FedEx Ground runs me into the ground. I'm paid dam-ned well, but a man needs more than just money to live a life. I haven't made any beer for over two years, and it's really beginning to bug me. I have everything on-hand to make some-- save for the time. I last loosed a bullet in May 2021. We're way behind on that front, too.

Add to all of that, my good friend from high school killed himself on October 26. Derrick and I were friends for 47-plus years. In all that time, I never knew he had wild mood swings and was taking anti-depressants that fostered suicidal thoughts. Derrick was taller, thinner, better looking than me, had much better hair and had ten years more as a trucker than I do. He was everything I would like to be. I'll never understand why he did what he did...
 
Also wondering, altho in a few weeks I've already made a few PPTs from the classifies that I've been tryin to get my hands on for a while, so pretty cool place. Hopefully more people find out about this forum/classified ad site, which is why I give a little donation to help out a bit. It's a nice resource. People have generally been very kind and flexible here.
 
Glad to hear your back truckin, NVShooter.

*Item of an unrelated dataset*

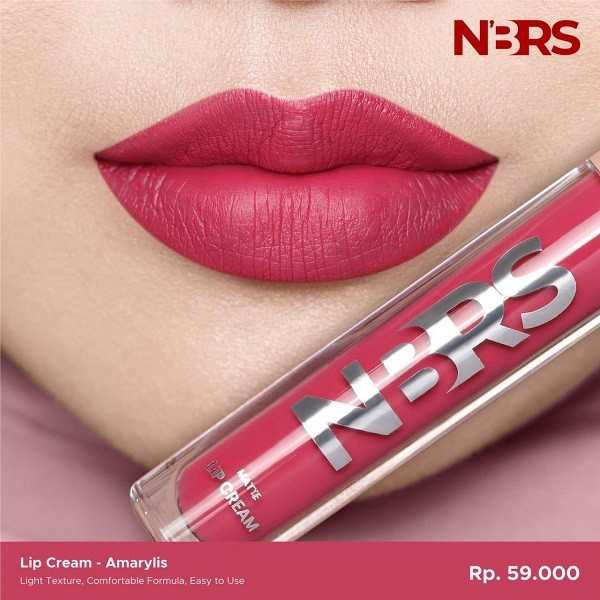 LIPSTIK PEWARNA BIBIR NBRS LIPCREAM MATTE DAN CAKE TOWN LIPCREAM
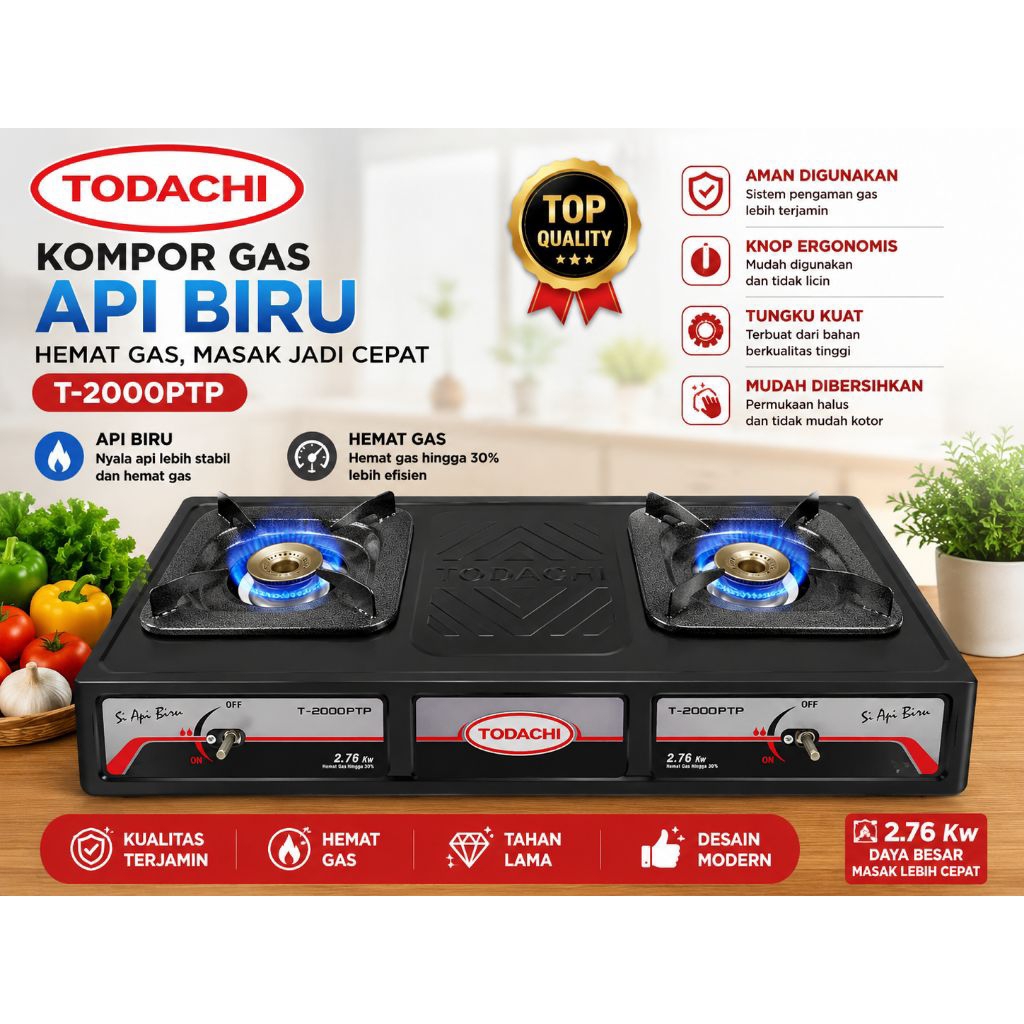 kompor Teflon Todachi T-2000PTP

I had a friend like yours and I was unaware as I believe most people were. I called and got the police one Saturday morning. So I drove over and got the 400 questions which I could not answer. One detective thought I was going to have all of the information that he needed. He was sadly wrong. I do not believe anyone really knew what was going on with him before the event.
 
I had a friend like yours and I was unaware as I believe most people were. I do not believe anyone really knew what was going on with him before the event.

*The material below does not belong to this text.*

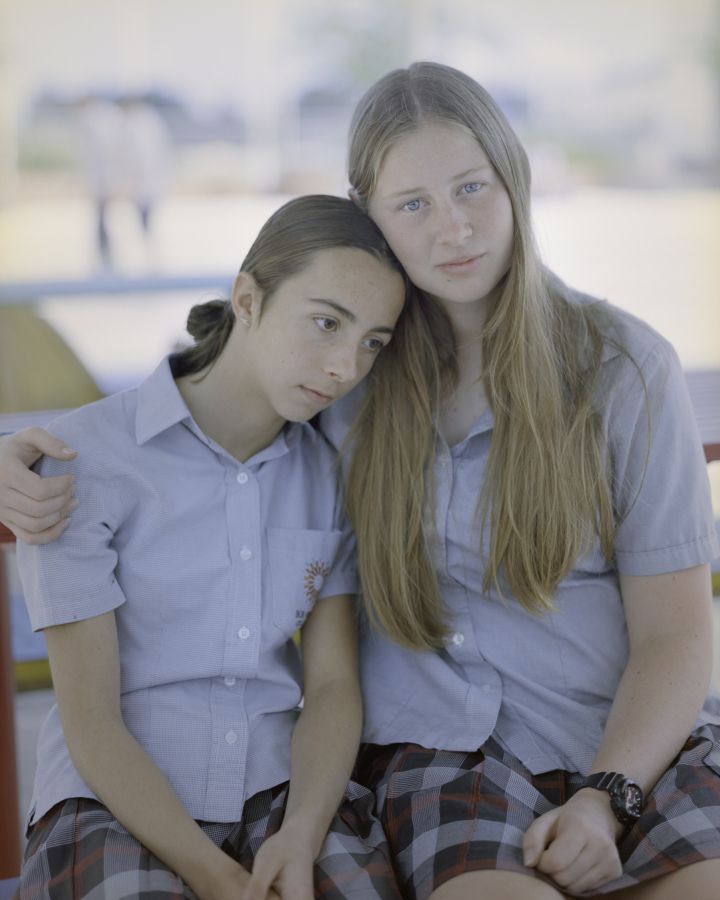 Claudia Caporn: Rebecca & Charlotte (Lunch), 2022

I remember reading an Ann Landers column about suicide in the early 1970s. She wrote that suicide was a permanent solution to a temporary problem. I wish I had known about Derrick's condition, where was his thinking and what was his mood. We who were around him will never know, but just a five-minute conversation might have averted his tragic ending. He was only 65; he had maybe twenty years still to live. He was not at all overweight like me, not addicted to sugar and salt like me and "exercise" to him was not limited to reaching for the TV remote as it is for me, so maybe more than twenty years.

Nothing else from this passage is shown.